[Opening Input data section]

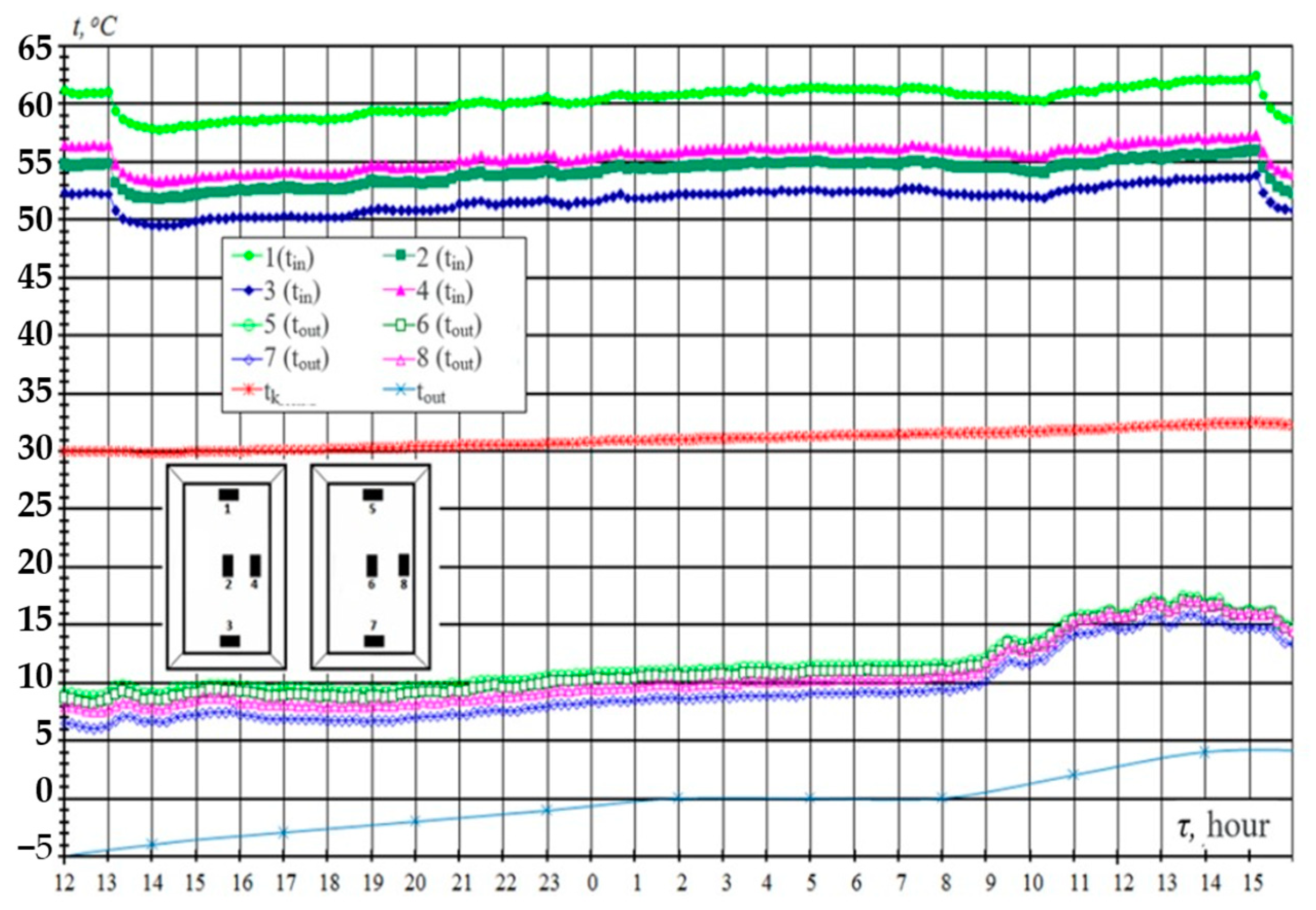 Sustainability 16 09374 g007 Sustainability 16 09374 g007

[Closing Input data section]
[Opening Input data section]

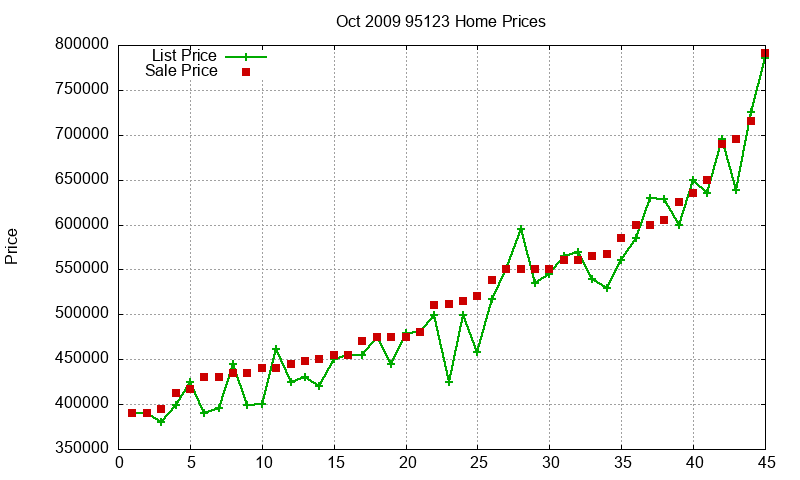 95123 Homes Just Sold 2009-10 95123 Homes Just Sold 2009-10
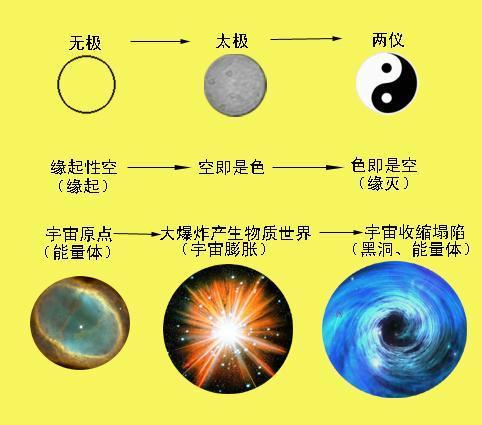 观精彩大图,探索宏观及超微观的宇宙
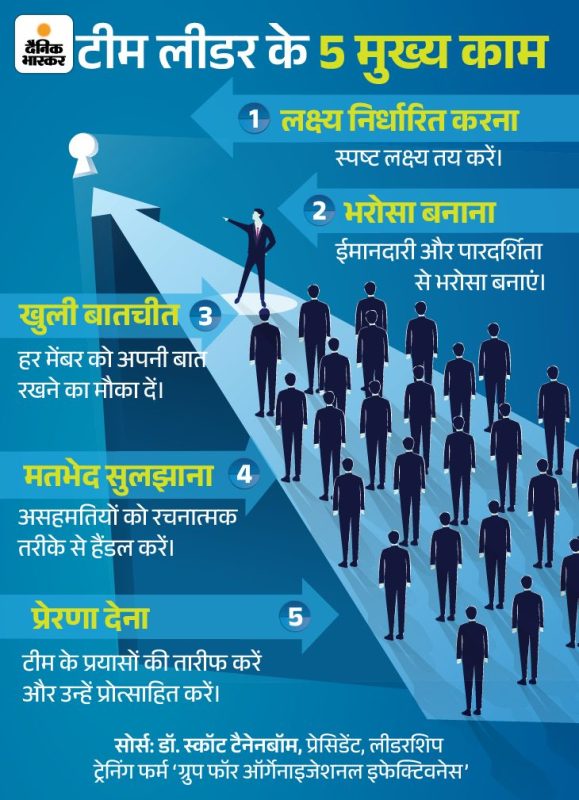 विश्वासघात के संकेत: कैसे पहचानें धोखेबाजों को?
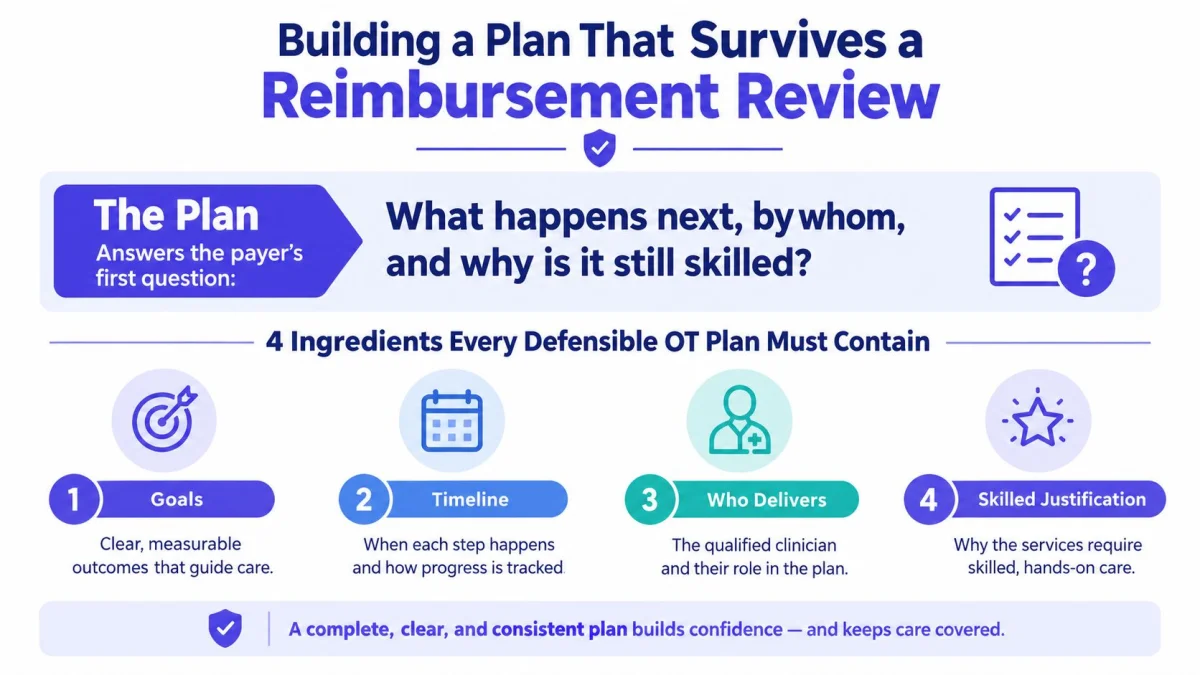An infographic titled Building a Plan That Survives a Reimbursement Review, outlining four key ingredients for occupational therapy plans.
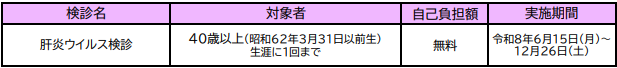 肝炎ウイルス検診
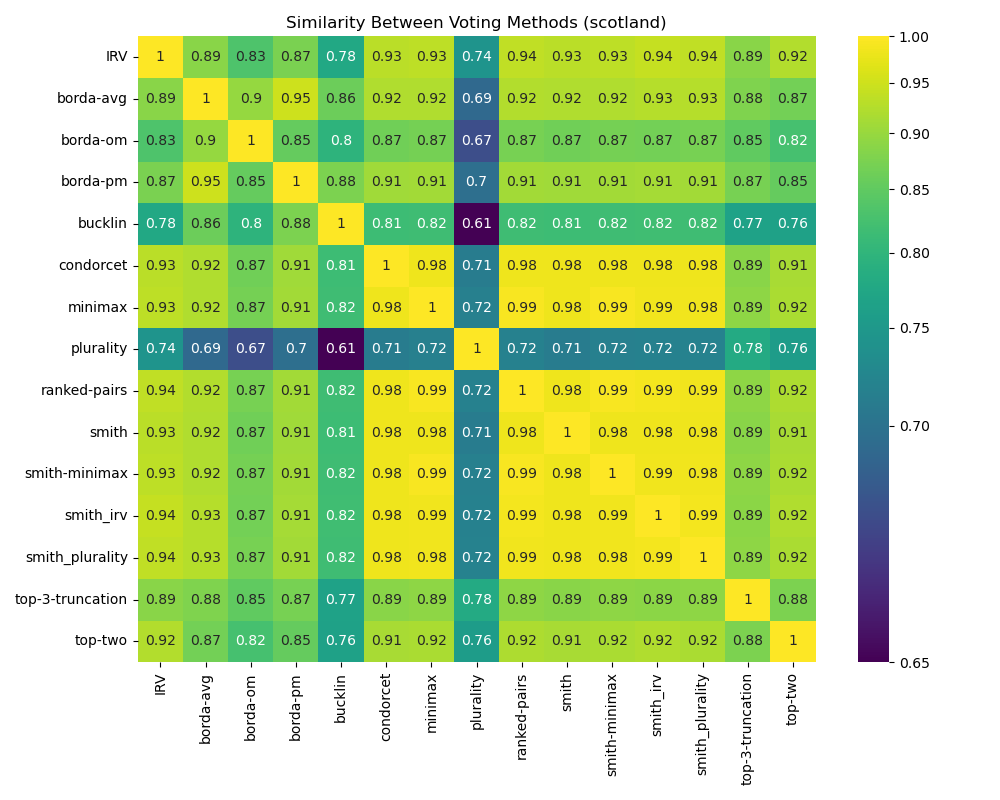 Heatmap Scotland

[Closing Input data section]

Task goal -> Once the line with "95123 Homes Just Sold 2009-10 95123" has been found above, output that line and every later line exactly, stopping after the line with "Heatmap Scotland", and omit the pictures.

Response ->
 95123 Homes Just Sold 2009-10 95123 Homes Just Sold 2009-10
 观精彩大图,探索宏观及超微观的宇宙
 विश्वासघात के संकेत: कैसे पहचानें धोखेबाजों को?
An infographic titled Building a Plan That Survives a Reimbursement Review, outlining four key ingredients for occupational therapy plans.
 肝炎ウイルス検診
 Heatmap Scotland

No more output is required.